Saving Mr. Banks will be out in theaters at the end of the year, and TIME has offered a first look at the lead actors in an image of Hanks and Thompson side-by-side as their respective characters. Other big names in the film include Paul Giamatti, Jason Schwartzman and Ruth Wilson, and Saving Mr. Banks was directed by John Lee Hancock (The Blind Side) from a script by Kelly Marcel (who is currently writing the script for a rather different film: Fifty Shades of Grey).
The image – showing a very disapproving P.L. Travers being taken on a tour of Disneyland by Walt Disney himself – is nicely representative of the drama at the centre of Saving Mr. Banks. Thompson seems to be an excellent casting choice for the role, which is why it’s a little surprising that she struggled so much with the challenge of playing Travers. In the interview with TIME, Thompson admits:
“She’s the most difficult person I’ve ever played… She was a woman of quite eye-watering complexity and contradiction. Often I play people who are controlled by some very clear guiding moral principles. Like Margaret Schlegel [in Howards End], guided by the early principles of feminism and equal rights, and Elinor Dashwood [in Sense and Sensibility], guided by the principles of decency and honor. There are very clear moral prisms these women pour life through, and I understand that very well. And [Travers] was not like that at all. She was far more chaotic and confused and morally various.”
Much of the heat surrounding the production of Mary Poppins was caused by the fact that Disney had offered Travers the chance to approve the film personally, as well as a $100,000 dollar advance and 5% of the overall profits. Travers offered objections to many different aspects of the film, and once it was released she was so appalled by the finished product that she refused to ever work with Disney again, or to allow them to make a sequel to the film.

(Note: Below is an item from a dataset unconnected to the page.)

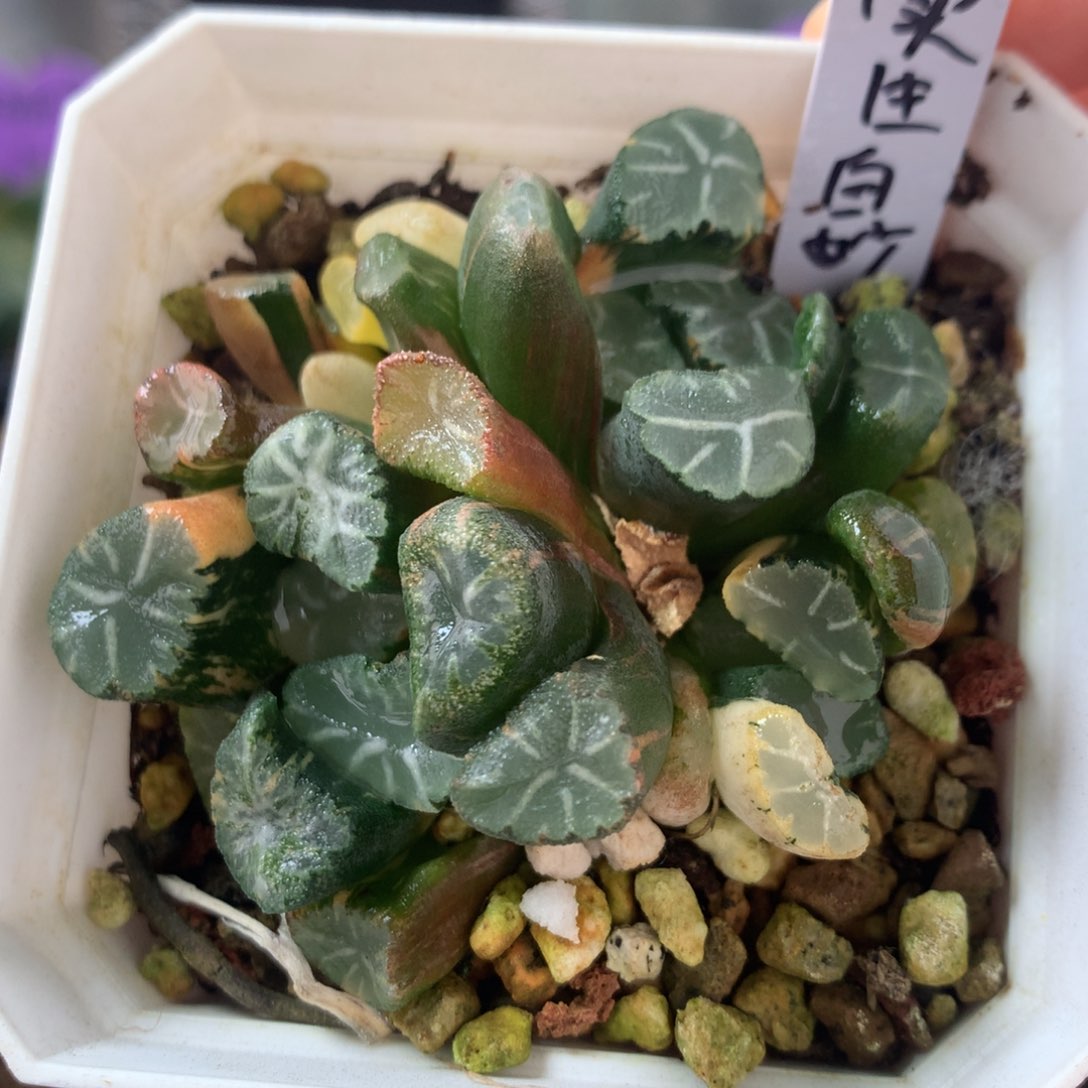 实生白妙万象锦一物一拍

There are a number of avenues that could be explored in Saving Mr. Banks, not the least of which are the possible parallels between Travers and the character that she created. Since Mary Poppins is a well-loved staple of many people’s childhoods (Dick Van Dyke’s dodgy Cockney accent notwithstanding), audiences are more likely to find themselves on Disney’s side in the on-screen struggle, but the question of how much creative control a writer should maintain over an adaptation of their work is one that Saving Mr Banks will hopefully tackle head-on.
Saving Mr. Banks will receive a limited theatrical release on December 13, 2013, followed by a wider release a week later.